To some Leaders, baby-led weaning seems to imply that mother does nothing, or should do nothing, and that total responsibility for weaning must be given to the child. Now I will agree that with an infant, the control of how long and how often that baby should nurse really does lie with the child alone and rightly so. We cannot begin to know or guess when the baby will be hungry, or how much he needs at each feeding, or whether or not he just wants to nurse for comfort.

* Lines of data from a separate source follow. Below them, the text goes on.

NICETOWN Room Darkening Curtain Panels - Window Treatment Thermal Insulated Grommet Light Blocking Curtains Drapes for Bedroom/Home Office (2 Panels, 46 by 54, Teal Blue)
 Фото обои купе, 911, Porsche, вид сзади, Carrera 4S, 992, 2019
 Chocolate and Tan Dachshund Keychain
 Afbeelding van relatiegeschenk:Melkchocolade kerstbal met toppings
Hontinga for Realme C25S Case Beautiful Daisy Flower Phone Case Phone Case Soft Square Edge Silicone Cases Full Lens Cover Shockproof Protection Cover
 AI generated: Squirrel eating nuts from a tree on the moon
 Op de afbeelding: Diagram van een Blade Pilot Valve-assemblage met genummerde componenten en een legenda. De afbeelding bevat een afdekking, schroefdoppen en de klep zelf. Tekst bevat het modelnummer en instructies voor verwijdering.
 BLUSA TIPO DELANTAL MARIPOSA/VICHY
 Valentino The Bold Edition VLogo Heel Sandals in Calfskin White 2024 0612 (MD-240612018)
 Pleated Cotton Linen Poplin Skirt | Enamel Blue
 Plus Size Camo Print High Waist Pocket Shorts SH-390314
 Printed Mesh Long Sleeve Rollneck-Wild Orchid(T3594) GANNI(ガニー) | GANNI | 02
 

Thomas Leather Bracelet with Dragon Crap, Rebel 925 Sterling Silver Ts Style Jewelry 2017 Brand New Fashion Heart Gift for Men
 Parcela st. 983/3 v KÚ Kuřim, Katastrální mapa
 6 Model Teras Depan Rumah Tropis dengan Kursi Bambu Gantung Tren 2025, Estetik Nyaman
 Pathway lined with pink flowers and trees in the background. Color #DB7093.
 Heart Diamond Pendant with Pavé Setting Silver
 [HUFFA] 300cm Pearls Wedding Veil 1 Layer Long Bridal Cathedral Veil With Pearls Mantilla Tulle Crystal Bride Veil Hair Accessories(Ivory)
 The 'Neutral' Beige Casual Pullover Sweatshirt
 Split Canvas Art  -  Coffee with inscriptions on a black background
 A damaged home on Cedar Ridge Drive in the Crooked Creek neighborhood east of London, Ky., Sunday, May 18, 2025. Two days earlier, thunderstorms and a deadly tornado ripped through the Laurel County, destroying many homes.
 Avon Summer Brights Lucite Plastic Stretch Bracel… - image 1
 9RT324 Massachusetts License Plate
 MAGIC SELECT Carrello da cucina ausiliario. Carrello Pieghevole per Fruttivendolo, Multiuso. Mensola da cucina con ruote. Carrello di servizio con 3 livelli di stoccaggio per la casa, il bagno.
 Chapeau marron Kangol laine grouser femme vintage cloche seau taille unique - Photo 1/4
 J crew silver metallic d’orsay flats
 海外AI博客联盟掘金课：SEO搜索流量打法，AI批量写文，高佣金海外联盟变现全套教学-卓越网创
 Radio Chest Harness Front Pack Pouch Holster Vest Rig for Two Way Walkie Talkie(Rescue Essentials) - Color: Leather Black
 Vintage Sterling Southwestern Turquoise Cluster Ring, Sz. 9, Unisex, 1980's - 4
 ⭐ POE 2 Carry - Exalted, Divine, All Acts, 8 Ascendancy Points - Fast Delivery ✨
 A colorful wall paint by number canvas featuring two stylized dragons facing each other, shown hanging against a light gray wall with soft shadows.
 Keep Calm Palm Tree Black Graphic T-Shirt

However, as that child grows, develops, discovers, and expands his capabilities, our relationship changes and it should change. We begin to know the child and can often anticipate his needs. We can tell by his actions when he is hungry, tired, overstressed, or bored. We can recognize whether he needs to go potty, when he needs to be held, or whether he needs to be given attention in other ways. I can often tell that my son needs a nap even though he says he is not tired. I lie down beside him, maybe read him a story, perhaps rub his back or nurse him, and within minutes this child who said he was not tired is fast asleep.
As a child grows and develops, we can sense when he is ready for various new steps. We do not force these steps, but we are active in leading and encouraging change and progress as the child shows readiness and capabilities for these changes. We do not expect a child to learn to walk, use the toilet, or ride a bike totally on his own. We give him help and encouragement and teach him the skills he needs to use while we lead him gently step by step. It would be cruel to just say "you're on your own kid and you have to learn how to do this by yourself," without offering our encouragement and support along the way.
Some people mistakenly think that baby-led weaning does not include substituting, limiting, or encouraging the weaning process in any way. Yet when we do things to encourage walking, or buy special panties for toilet learning, or become involved in leading the way for other stages of growth, we can see that we are doing the right thing as long as we keep in mind the capability of the child and always consider his feelings.
Considering and validating children's feelings does not always mean that they should do everything their own way. This touches on the topic of loving guidance as well as baby-led weaning. Perhaps that's why both subjects are often misinterpreted.
As a child grows from baby to toddler to child, we do limit many things, out of necessity, or convenience, or even personal convictions. We limit the amounts or kinds of sweets the child eats, how much television he watches and which shows he is allowed to see, how far from the yard he may go, with whom he can play, whether or not we nurse at grandma's or the shopping mall, etc. The child may be happy to go along with some of these restrictions and not happy about others. Sometimes we make exceptions, depending on the circumstances, and sometimes we stick to our limits. We keep the feelings of the child in mind, but we do not necessarily give in just because the child does not like our restrictions. Some may think that setting limits should not apply to nursing, just as we would not limit the number of kisses, or hugs, or "I love you's" we give to our children. But when a mother is feeling frustrated by nursing a three- or four-year-old, particularly if she is tandem nursing, there should be freedom to do some limiting without feeling guilty or feeling that this is somehow going against LLL philosophy. If your toddler wants to nurse all day long or every time the baby does, it may be up to you to change that pattern, for your benefit as well as the child's. We as mothers may be the ones who set up certain nursing patterns in our toddlers. Recognizing these and taking steps to change them does not mean mother-led weaning either. What it means is that we have recognized where changes can be made, substitutions can be offered, or attention can be given in ways besides nursing without denying the child's feelings. This is usually possible with children over the age of two or three who are able to understand and communicate more.